What is a coordination layer for AI-native software development?
A coordination layer for AI-native software development is the set of explicit specs, defined agent handoffs, and human review gates that govern how AI agents receive work, execute it, and have their outputs validated. Without it, agents operating in sequence or parallel will build in conflicting directions regardless of how capable the underlying models are.
What is the difference between SAFe ceremonies and SAFe principles?
SAFe ceremonies — PI Planning, Agile Release Trains, LACE centres of excellence — are the delivery mechanism for the principles. They exist because large organisations need rituals to enforce alignment across people who don’t share context, culture, or timezone. The principles underneath — alignment before execution, spec clarity, dependency management, feedback loops — apply independent of team size.
How does specshop.dev manage AI agents in the build process?
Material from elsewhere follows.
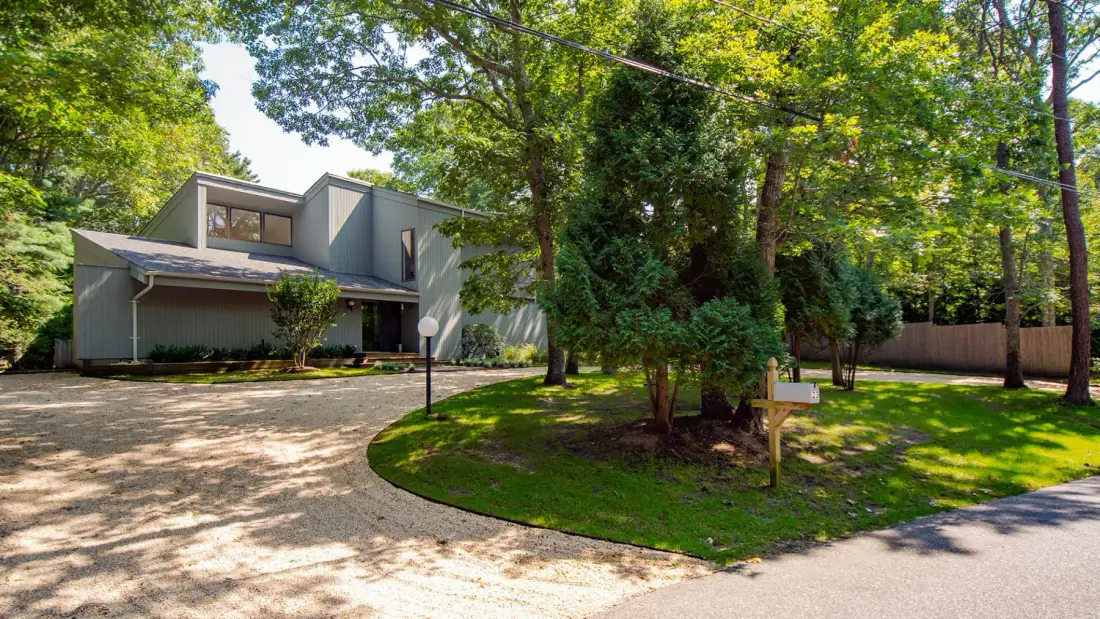 A modern house sits beside a curved driveway under leafy trees.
specshop.dev runs a spec-first model in which every piece of work is specified — scope, user intent, success condition, explicit agent boundaries — before any AI agent touches it. Agent outputs are reviewed against the spec by a human before moving forward. This approach is built on 9 years and 120+ products shipped across 5 countries, and one consistent finding: confidence and correctness are not the same thing.